Site icon Jason Falls

Do You Update Your Website META Data? Here’s Why You Should!

Updating your website META data is one of those things most business owners and marketers shrug off and assume the SEO team or the webmaster have under control. But if whomever is in charge of your SEO is also in charge of lots of other things or isn’t primarily and SEO practitioner, they may not be updating your META data, either. And if you are a small business using SEO, well … you’re probably missing some META data.

When I talk about website META data, it generally refers to the code behind your website — HTML code on each page — that tells search engines and browsers about the page in question so they know how to categorize and index it. If you don’t have META data, then Google, Bing, Yahoo and other search engines have to assume what your page and website are about based on scans of the page.
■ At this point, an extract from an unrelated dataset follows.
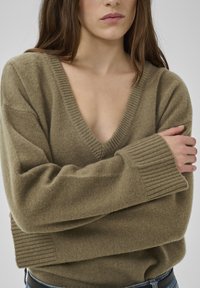 Pull oversize vert olive en tissu maille douce, avec un col en V profond, des poignets côtelés et une coupe décontractée. Design minimaliste.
It’s not terrible, but it’s imperfect.

If, however, you add code that tells these search engines you page TITLE, gives the page a short DESCRIPTION and even list a few relevant KEYWORDS that relate to the page, they then know more about the page and can index it more accurately. META data can include lots of other components beyond those three, including Open Graph and Twitter Card information which help guide the the image and description of the page that appears when you share a link to it on social networks. But the TITLE and DESCRIPTION are the most important META tag elements.

Here’s how I know:

We recently did an audit of a client’s website and discovered that they used the default page title for their META title and none of their website’s pages (over 500) had META descriptions. Mind you, the website is an informational component for the business, not its primary website and was never intended to win search results. The client built it for a different resource reason and didn’t really care much about search traffic at the time.

So, we took a couple of hours one afternoon to go through add more keyword-friendly titles and descriptions to the main navigation pages for the site. Note that we didn’t update all 400+ pages — just about 20 or so. There was no keyword research, per say. We just wrote descriptions and titles based on what was on the page and what top keyword each page might rank well for.

And here’s what happened:

The sudden growth that begins in October 2018 is because we updated META data on the website. And on only part of it, not all. The client did run a modest paid search campaign in November and December. But the three months in 2019 are all from unaided organic search.

Did the paid search campaign have an effect on organic search? We are certain it did. So we cannot say with 100 percent confidence our META data work was solely responsible for the up-tick. But this chart is only organic search traffic to the site, not paid traffic at all. So our conclusion is that the META updates are largely responsible — if not almost fully so — for the increase in organic traffic to the site.

Now imagine what would happen if we updated the META data on the other 400 or so pages! Or what would happen to your website if you made sure all the META data was there?

Let me know if you make a change and see more evidence. It would be fun to compare notes.